▶ _RECORDS SHOWN_
────────────────────────────────────────

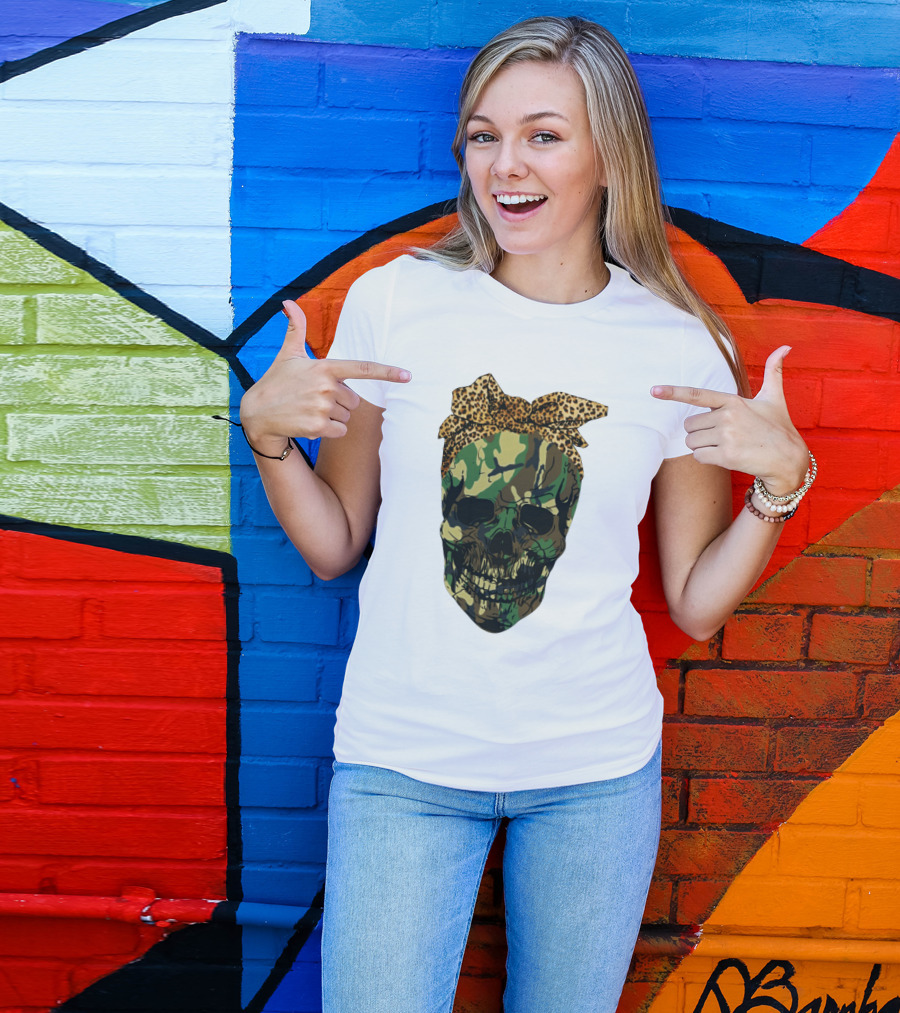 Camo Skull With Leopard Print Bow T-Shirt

────────────────────────────────────────

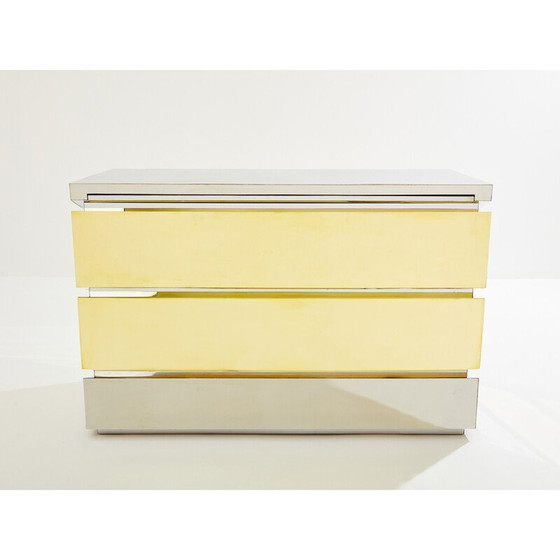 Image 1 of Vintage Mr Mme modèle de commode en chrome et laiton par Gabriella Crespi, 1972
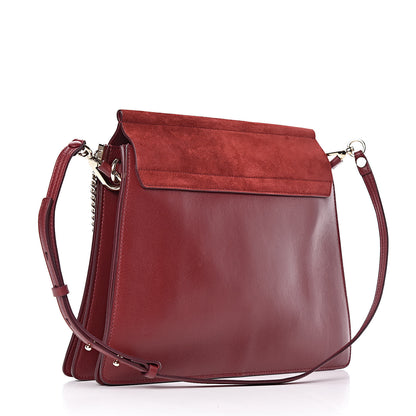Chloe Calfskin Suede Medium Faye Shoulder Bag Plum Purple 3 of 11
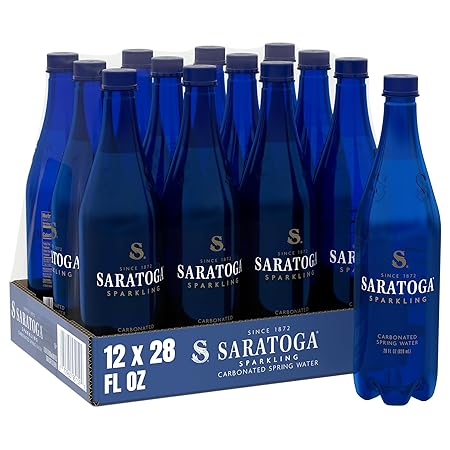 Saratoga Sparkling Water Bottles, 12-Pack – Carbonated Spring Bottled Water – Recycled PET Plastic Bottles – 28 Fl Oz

────────────────────────────────────────

▶ _BRIEF_
Give the lines above again exactly, from the one containing "Chloe Calfskin Suede" to the one containing "Saratoga Sparkling Water", both included, but leave out the pictures.

▶ _ANSWER TO THE PROBLEM_
Chloe Calfskin Suede Medium Faye Shoulder Bag Plum Purple 3 of 11
 Saratoga Sparkling Water Bottles, 12-Pack – Carbonated Spring Bottled Water – Recycled PET Plastic Bottles – 28 Fl Oz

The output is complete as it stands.